Wherever you are today, take a moment to celebrate for Mono Lake. Yes, we’ve got a long way to go, but it is down a road of lake restoration and stream health recovery that leads to a bright future indeed.
We were traveling that day in Yellowstone National Park, but knew it was happening and the moment was in our thoughts. When the bison calves started jumping around like little kids, we figured they were celebrating (wasn’t the whole world?) 18 years already! Who’d have thought the lake would still be so far from 6392 feet above sea level.
Yes, who’d have thought the lake would be so far…It seems reasonable to say the lake may never reach 6392 under the present scheme; it looks very much as though, after some initial rise, a new equilibrium has been reached. An Endorheic Basin like Mono can’t really spare ANY water just as a Pig can’t spare any ribs.
My first overnight at Mono was in September of 1994 when I stayed at what was once the “Sky Blue Motel” and enjoyed conversing with the Late Bob Stephan.
As year 20 approaches the time is coming when pressure needs to be brought to bear for reducing diversions by 6-8K acre feet if further rises can be expected and, furthermore, the annual diversions really have to be based on individual annual run-off rates….

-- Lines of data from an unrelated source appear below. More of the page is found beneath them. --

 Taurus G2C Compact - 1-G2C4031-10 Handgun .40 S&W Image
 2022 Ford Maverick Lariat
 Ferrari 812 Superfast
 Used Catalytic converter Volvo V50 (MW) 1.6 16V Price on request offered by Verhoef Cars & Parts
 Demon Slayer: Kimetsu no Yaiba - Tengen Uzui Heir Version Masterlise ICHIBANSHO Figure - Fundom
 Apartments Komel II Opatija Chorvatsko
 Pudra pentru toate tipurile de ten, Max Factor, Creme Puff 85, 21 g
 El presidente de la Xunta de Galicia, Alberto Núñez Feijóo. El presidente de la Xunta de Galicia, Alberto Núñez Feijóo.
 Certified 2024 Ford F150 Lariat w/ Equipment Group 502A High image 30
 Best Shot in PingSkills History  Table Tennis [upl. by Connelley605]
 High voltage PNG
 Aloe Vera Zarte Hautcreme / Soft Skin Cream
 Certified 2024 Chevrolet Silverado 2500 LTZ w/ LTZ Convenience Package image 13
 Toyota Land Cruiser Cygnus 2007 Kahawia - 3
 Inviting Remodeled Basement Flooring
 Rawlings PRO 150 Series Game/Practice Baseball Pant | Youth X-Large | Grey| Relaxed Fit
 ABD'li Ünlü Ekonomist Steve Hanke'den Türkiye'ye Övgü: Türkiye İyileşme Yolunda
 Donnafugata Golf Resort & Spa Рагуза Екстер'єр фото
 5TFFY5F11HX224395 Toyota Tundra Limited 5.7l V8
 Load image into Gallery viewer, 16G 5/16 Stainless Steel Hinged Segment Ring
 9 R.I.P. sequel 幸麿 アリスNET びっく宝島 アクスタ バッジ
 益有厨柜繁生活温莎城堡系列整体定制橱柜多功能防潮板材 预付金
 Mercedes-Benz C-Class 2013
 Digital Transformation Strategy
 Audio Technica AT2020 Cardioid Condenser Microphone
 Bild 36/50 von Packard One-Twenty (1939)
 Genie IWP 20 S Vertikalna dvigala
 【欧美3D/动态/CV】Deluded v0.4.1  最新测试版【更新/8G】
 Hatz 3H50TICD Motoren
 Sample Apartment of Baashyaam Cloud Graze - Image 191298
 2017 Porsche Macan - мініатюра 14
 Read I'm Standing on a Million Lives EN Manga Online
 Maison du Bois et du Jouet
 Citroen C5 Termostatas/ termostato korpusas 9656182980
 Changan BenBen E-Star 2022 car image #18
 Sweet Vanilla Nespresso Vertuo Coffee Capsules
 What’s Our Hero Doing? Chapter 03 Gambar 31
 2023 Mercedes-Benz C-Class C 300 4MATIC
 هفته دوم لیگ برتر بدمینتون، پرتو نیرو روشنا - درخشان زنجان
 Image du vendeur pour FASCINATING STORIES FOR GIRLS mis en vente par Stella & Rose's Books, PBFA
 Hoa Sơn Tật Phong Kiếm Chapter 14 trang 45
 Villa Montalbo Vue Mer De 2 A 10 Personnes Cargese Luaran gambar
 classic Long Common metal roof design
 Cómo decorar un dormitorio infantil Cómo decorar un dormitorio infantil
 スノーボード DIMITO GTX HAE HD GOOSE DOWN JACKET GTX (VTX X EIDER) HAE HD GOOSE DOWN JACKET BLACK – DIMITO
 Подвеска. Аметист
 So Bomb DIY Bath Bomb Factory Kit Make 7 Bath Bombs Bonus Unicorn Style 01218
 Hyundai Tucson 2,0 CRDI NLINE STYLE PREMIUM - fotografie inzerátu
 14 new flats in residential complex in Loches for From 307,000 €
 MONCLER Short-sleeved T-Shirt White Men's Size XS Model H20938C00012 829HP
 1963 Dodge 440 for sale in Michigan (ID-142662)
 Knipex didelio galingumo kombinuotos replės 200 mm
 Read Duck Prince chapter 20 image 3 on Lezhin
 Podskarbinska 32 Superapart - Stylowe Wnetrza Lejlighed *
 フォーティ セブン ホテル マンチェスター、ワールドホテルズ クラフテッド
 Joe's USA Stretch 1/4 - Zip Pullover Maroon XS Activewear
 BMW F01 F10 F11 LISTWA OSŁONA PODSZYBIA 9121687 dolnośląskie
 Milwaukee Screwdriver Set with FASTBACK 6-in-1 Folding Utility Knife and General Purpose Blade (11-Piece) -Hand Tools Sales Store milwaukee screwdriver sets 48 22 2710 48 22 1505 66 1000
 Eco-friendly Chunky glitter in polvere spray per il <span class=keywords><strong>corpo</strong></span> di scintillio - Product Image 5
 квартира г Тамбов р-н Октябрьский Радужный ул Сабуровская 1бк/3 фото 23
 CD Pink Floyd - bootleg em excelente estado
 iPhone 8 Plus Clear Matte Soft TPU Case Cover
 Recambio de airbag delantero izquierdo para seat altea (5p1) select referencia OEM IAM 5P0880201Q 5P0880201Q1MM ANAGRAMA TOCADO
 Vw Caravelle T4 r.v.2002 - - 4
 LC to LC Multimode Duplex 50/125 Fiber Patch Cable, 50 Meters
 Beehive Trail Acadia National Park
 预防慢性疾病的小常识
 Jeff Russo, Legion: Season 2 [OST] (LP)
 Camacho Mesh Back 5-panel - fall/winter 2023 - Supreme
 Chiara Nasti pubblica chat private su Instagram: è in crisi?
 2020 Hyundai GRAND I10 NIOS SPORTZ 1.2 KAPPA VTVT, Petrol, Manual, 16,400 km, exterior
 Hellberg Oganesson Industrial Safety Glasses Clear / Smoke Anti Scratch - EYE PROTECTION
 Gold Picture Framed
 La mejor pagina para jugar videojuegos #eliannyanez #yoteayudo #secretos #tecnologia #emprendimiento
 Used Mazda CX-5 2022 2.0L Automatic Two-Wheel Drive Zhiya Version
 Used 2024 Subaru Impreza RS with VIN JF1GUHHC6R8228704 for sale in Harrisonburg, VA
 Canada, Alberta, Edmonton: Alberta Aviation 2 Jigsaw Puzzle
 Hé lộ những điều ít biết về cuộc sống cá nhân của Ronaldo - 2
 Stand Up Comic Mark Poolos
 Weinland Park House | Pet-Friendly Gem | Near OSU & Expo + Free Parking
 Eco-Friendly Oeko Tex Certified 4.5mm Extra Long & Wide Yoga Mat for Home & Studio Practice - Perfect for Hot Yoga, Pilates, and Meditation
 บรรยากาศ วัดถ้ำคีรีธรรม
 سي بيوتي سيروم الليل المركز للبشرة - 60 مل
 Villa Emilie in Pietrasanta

Thanks Adrian for your insightful comments. We have been tracking this, especially over the last two years since Great Basin produced its 2010 PM10 SIP update asking similar questions. Up until 6 months ago, there was still a chance that with a repeat of early 1980s hydrology, the lake would reach 6391 (the post-transition trigger level) by September 28, 2014. The dry year of 2012 guarantees (based on historical hydrology) that will not happen. As a result, we are now assuming there will be a hearing in two years on the need for reducing or eliminating exports in order to raise the lake faster.
As for your point about the Mono Basin not being able to spare any water, the hydrologic modeling used in Decision 1631 appears to have been quite reliable, although no model is perfect. All available evidence shows the lake has not stabilized and will still reach the 6391 trigger, albeit over a longer period of time. Once that level is reached, annual runoff rates (as well as any changes in climate) will have a larger effect on annual exports.
We first started visiting Lee Vining just before Decision 1631 came out. At the time the attitude seemed to be “yeah – we won – now the lake will jump back to 6392 in no time flat!” Clearly nature has spoken and we are 10-ish feet away from the goal. My concern for the upcoming 2014 review of the decision is that DWP will fire up their PR fog machine and go back to the “not now, not ever, and litigate forever” mentality. I am afraid that we all have to be ready for a big fight. It will take the time, talents, and treasure of everyone to preserve the goals of 1631and to make the changes necessary to achieve those goals.
I am delighted for what has been accomplished so far but fear another Storm Over Mono.